§ **What to work on**
Pictures in the entries below are excluded; copy only the lines from the one containing "background with code, minimalist" to the one containing "info graphic taking", both included.

§ **Records for the exercise**
········

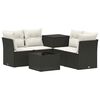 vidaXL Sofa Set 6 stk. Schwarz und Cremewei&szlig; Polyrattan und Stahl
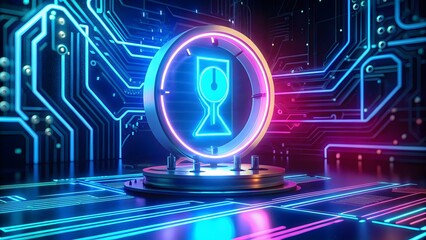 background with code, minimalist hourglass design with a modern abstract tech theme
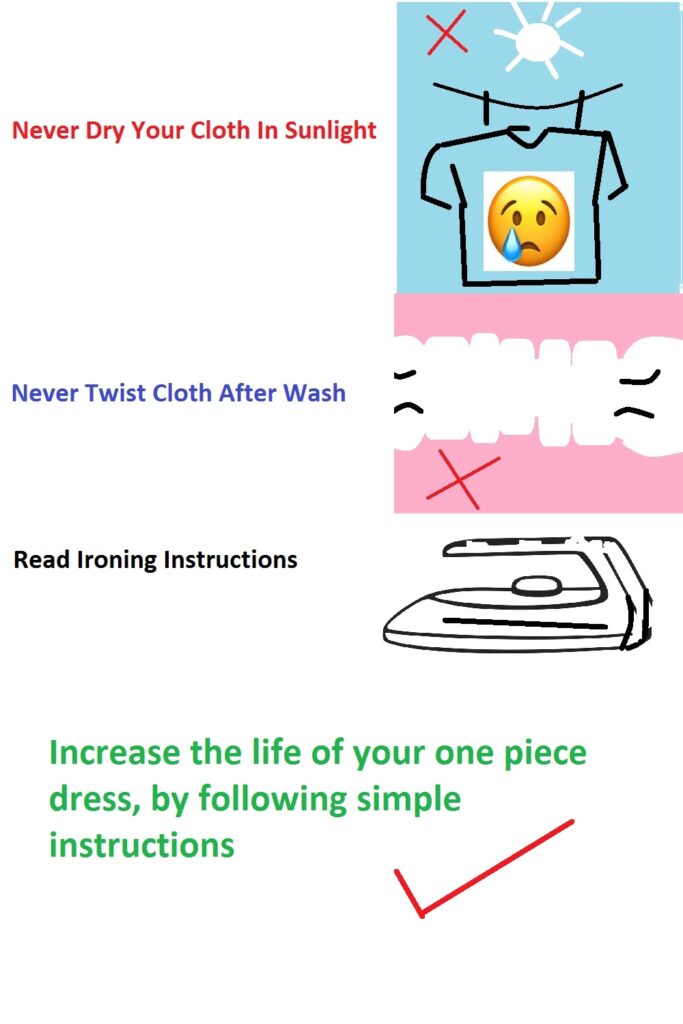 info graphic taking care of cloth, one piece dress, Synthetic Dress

········

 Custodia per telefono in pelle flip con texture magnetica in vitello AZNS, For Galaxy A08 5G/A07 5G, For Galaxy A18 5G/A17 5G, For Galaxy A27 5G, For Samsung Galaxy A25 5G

········

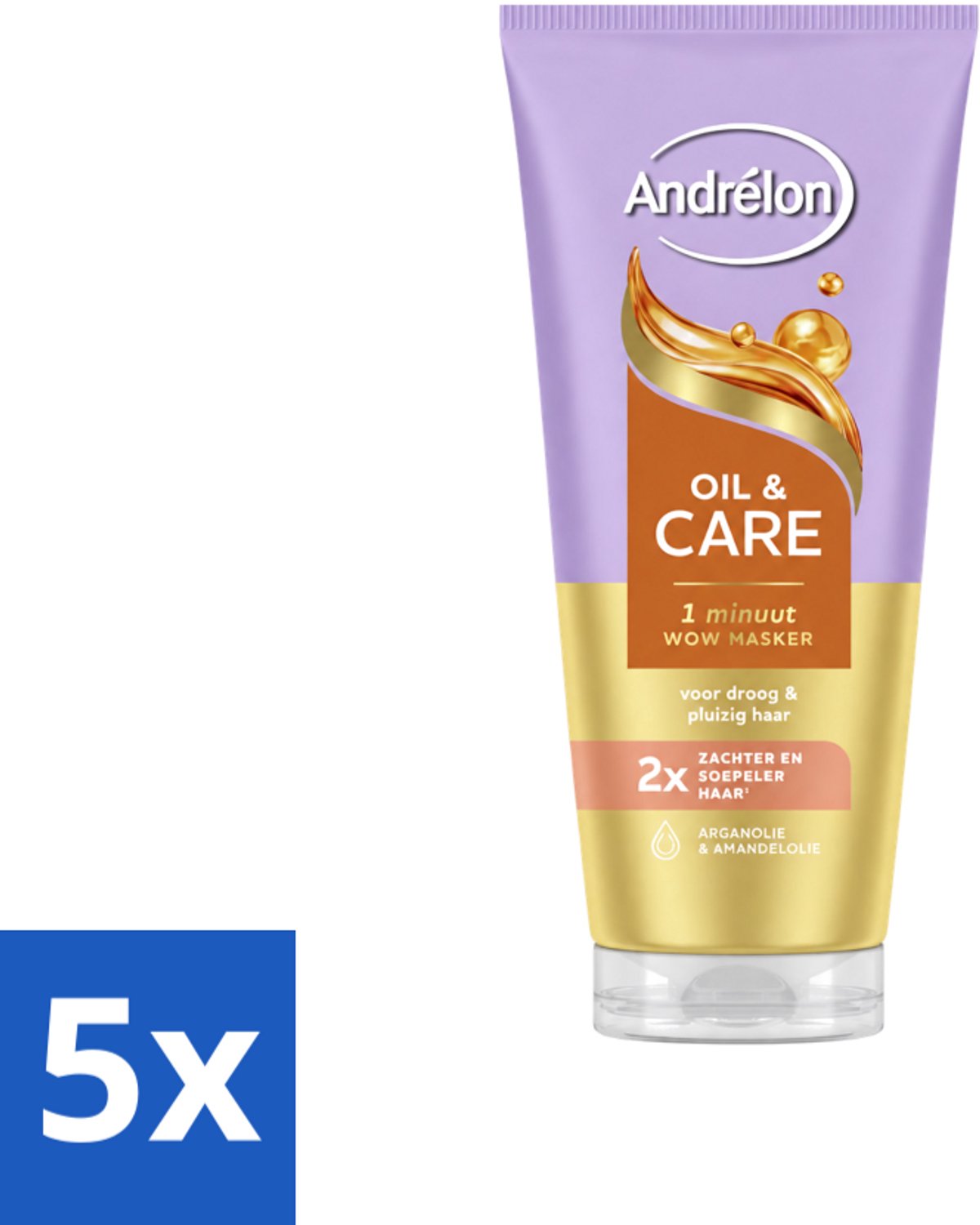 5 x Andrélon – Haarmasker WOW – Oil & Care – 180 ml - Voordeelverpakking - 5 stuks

········

§ **Solution**
 background with code, minimalist hourglass design with a modern abstract tech theme
 info graphic taking care of cloth, one piece dress, Synthetic Dress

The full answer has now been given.